天心とイグナシオは2017年11月に対戦。イグナシオが計量に失敗し、ペナルティーを課された中、天心がKO勝ちを収めた。フェデリコにとってはイグナシオの敵討ちをする意味でも負けられない。「私は“小さな巨人”と呼ばれている、WKN世界チャンピオンだ。パンチ、キック、ヒザのパワーは同階級には負けない。メイウェザーはパンチだけだけど私は全て使える。天心は覚悟して待っていてほしい。私は勝つために日本へ行くよ」とメッセージを送った。
天心は「ちょっと見たんですけど、フィジカルも強そうだし、久しぶりにサウスポーの選手だから戦い方が変わると思います。しっかり研究して、今まで倒したことのない技で倒したいと思っています」と必勝宣言した。

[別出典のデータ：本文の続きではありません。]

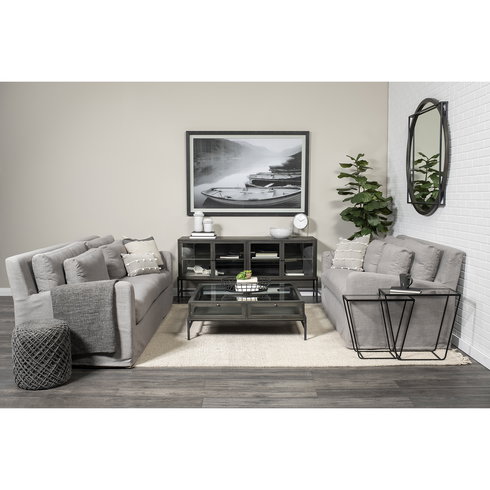 Denly I 69 X 38.25 X 34.5 Flint Gray Slipcover Two Seater Sofa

その他1回戦は、スアキム対タリソン、ロッタン対ブレッド、志朗対ミキータスの組み合わせ。天心にとってライバルとなるのは、昨年6月の幕張メッセ大会で、延長の末、何とか判定勝ちを収めたロッタンになるだろう。
ロッタンも「決勝で天心と闘って優勝したい」と名指ししており、天心も「全試合KOで勝つ」と話す一方で、「お互いに勝ち上がれば、ロッタン選手としっかり決着をつけたいので、ロッタン選手にKOで勝ちたい思いが一番強いです」と、過去に自身を最も追い詰めた男との再戦を改めて望んだ。
「今年は昨年経験したものを爆発させる年だと思っています。先日、成人式も迎えましたし、今年もいろいろチャレンジして、このトーナメントで集大成を見せたい。格闘技界にもう1回火をつけたい」
メイウェザー戦後、初の公の場となったが、「あの試合は盗めたこともあったし、良かったことしかない」と“世紀の一戦”に関する雑音を一蹴した。天心の父でTEPPEN GYMの会長の弘幸氏は「天心の力はまだまだ発揮されていない」と語っている。この言葉を証明するには、今回のトーナメントを圧倒的な強さで制し、世界一の称号を胸に次のステージへ進むしかない。今度はトーナメントで優勝して悔し泣きではなく、嬉し泣きをしてもらいたい。